Quelques titres pris au hasard en première page des Echos du 2 octobre 2007 :

« Fusion ANPE-Assedic : ce qui attend les chômeurs »

« Nokia part à l’assaut du marché du GPS »

« Le président de Vinci plaide la cause des champions nationaux »

« Electricité : GDF profite de la libéralisation »

« Libéralisation totale du courrier à partir du 1er janvier 2011 »

« Walstreet pulvérise son record historique »

« Logiciels en ligne : Microsoft contre attaque »

« Croissance allemande : l’horizon s’assombrit ».

Notons pour commencer la différence de champs lexicaux utilisés lorsqu’il s’agit de parler des entreprises, puissantes et actives, comparées aux travailleurs et aux pays, qui subissent quasiment leur sort. « Ce qui attend les chômeurs » laisse entendre que les personnes sans emploi sont en phase passive où le gouvernement (et les entreprises) leurs imposent un certain nombre de règles qu’il ne peuvent que constater.

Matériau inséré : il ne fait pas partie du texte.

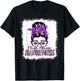 Messy Bun Purple Ribbon Chronic Migraine Awareness Gifts T-Shirt - T-Shirt | Black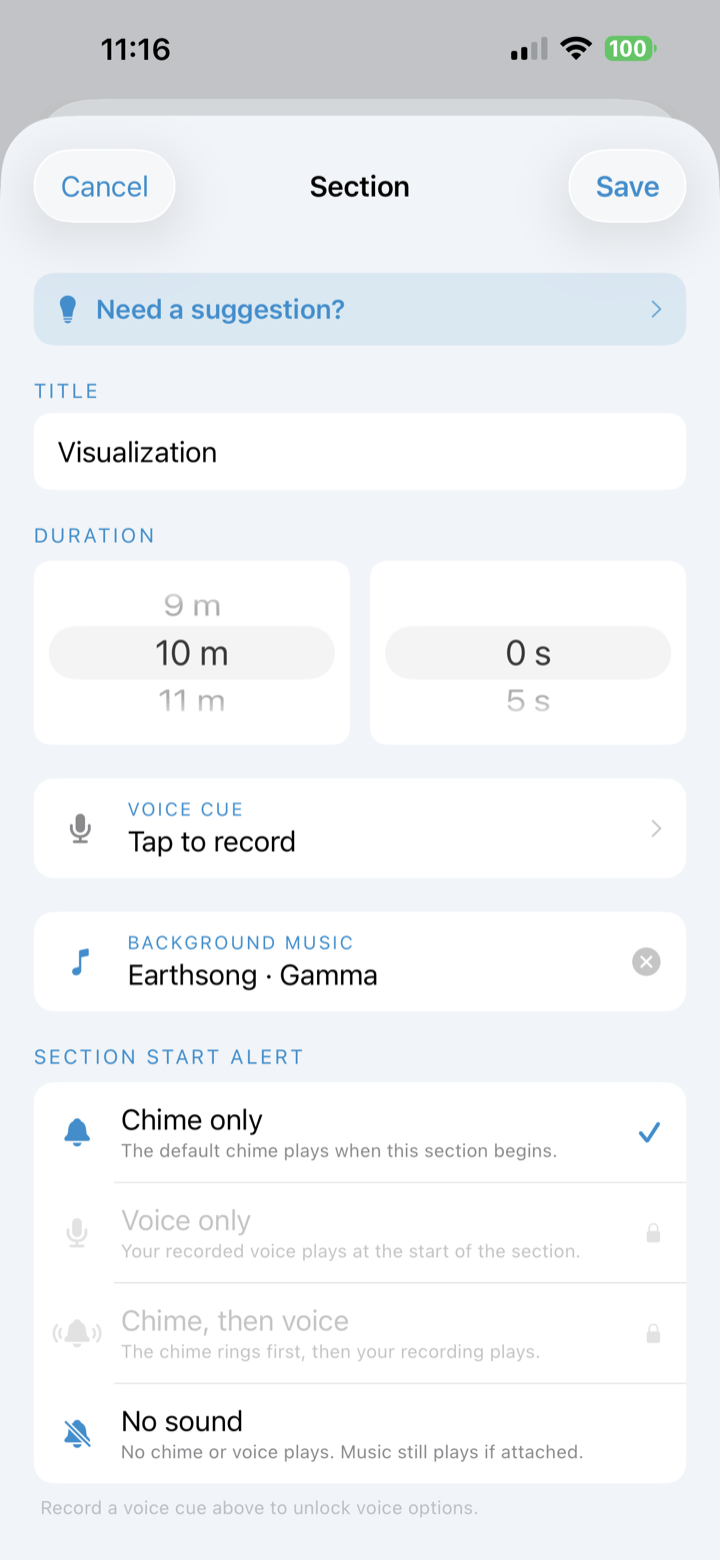 Meditation section editor with duration and music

Ensuite, l’idée de « libéralisation » est montrée ici comme positive, elle est censée favoriser le développement de GDF et l’accès à de nouveaux opérateurs de courriers à partir de 2011. Le mot lui-même porte malhonnêtement en lui une partie la connotation positive de sa racine « liberté ». On est loin de la réalité qui pourrait ressembler à ça : la déréglementation progressive de la fourniture d’énergie a fait apparaître de nouveaux groupes privés qui vont se concurrencer et, au fur et à mesure, nous aider à passer contre notre gré d’un système d’approvisionnement par l’état, fiable et à bon marché à un système tributaire de la coordination entre des groupes d’intérêts forcément divergents ainsi qu’à une très probable hausse des prix quand il se seront entendus. Pour ce qui est du courrier, préparez vous à un mode opératoire compliqué pour envoyer une simple lettre, et acceptez l’idée de suppression de la plupart des bureaux de poste de campagne, et qu’importe si les personnes âgées devront faire des kilomètres pour récupérer leur courrier…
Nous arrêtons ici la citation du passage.